Robotic process automation (RPA) and agile data blending fall in the middle of these fast business-led solutions, making them hot topics, even among executives. But do they live up to the hype? And where can you actually use them?
RPA is the use of software robots, artificial intelligence (AI), and possibly machine learning to handle high-volume, repeatable, rules-based enterprise tasks that previously required a human to perform. The goal is to mimic what humans do using existing GUIs and processes to allow repetitive manual tasks to be partially or fully automated.
Although there are many RPA tools coming into the market, UI Path is widely accepted as one of the leading tools, so that’s what I’ll use in my examples here.
Agile data blending tools allow an analyst with little to no coding knowledge to access data from databases, systems, and flat files.
An example process could be a sales analyst performing the following tasks:
Logging into Google Analytics to download a report on website visits for the last week
Logging into a CRM application (e.g., Salesforce) to download a report on sales for the last week
Copying and pasting the data from the two reports into an Excel spreadsheet
Emailing the Excel spreadsheet to management in an attachment
Let’s say this process must be done for each state every week. It’s going to get really boring, really quickly.
Typically, automating a simple process with UI Path will take less than one month of development: visually programming the robot on how to login, where to click, what to copy and paste, and whom to email the info. Once this process is created though, the robot will be able to run through the whole thing at superhuman speed, without a human needing to touch the computer. Press run, go for a coffee, come back to see that the process has been successful.
There’s clear ROI in automating this process; for a relatively low up-front investment, we now have a process that frees up a lot of time for a human so that they can get on with more important work.
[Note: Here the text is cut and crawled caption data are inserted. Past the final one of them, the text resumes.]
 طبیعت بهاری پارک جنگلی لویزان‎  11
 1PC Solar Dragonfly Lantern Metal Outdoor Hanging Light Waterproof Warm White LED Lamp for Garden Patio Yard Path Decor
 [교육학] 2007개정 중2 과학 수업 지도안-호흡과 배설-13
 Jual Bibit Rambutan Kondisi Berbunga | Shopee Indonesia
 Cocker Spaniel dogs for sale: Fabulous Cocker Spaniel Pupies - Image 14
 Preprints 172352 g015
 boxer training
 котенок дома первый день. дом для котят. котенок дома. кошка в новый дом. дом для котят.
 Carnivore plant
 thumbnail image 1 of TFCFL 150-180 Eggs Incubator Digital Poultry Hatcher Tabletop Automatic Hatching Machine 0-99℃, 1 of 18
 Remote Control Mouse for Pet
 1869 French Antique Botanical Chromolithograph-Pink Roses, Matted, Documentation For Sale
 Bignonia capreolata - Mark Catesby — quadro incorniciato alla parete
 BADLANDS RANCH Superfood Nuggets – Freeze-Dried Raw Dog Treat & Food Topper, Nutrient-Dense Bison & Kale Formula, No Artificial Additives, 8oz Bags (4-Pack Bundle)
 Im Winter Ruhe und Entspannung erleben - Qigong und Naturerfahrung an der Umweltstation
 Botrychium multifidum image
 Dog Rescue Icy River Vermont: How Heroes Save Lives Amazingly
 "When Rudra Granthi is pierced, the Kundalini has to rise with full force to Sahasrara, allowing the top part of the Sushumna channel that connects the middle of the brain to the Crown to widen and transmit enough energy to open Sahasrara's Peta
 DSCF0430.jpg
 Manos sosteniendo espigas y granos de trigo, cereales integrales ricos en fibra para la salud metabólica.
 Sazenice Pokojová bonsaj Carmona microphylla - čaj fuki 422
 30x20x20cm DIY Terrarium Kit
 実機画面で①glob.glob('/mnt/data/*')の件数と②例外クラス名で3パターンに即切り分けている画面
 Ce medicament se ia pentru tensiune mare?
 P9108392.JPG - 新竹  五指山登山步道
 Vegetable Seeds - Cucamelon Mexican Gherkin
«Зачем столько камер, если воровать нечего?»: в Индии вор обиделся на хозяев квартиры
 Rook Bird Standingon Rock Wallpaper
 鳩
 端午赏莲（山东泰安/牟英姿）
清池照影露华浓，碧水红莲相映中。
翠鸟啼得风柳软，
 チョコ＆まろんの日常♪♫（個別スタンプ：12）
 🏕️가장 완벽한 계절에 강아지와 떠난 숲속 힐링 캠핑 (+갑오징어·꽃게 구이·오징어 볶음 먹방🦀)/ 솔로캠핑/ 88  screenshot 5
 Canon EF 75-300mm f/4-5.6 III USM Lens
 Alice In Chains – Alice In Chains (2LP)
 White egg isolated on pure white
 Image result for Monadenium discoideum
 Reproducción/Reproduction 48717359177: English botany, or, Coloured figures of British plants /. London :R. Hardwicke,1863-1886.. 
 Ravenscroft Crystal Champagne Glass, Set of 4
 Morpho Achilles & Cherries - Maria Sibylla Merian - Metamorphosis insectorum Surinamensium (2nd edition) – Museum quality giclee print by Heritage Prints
An alternative way to approach this challenge is through agile data blending. Alteryx is the market leader in this space for providing a tool that analysts find easy to use. It’s code free but also powerful in its capabilities.
It would take two to four weeks to create an Alteryx workflow to do this whole process as well. If there’s an API, Alteryx often has a pre-built connector to allow access (e.g., Google Analytics and Salesforce) so getting the data is as simple as putting in login info and selecting the tables to pull from.
Once the data is loaded in, Alteryx makes it easy to join, filter, transpose, and summarize data to get it into the desired format. Finally, you can send emails with attachments directly from Alteryx to a list of users, thus finishing the task.
We can automate this process in both tools in a similar amount of time. The cost of the software for both solutions isn’t huge compared to the ROI in time savings, so which is better?
When automating anything, we should watch out for which parts in the process are likely to break over time. UI Path will work great if everything stays the same, but if there is a website change, it’s liable to break the process. APIs can also change, but they’re generally more stable and will provide a warning of upcoming changes with enough time to switch over. UI Path is also opening a browser, Excel, and Outlook to complete this process. If there are updates to any of those tools, it could cause an error.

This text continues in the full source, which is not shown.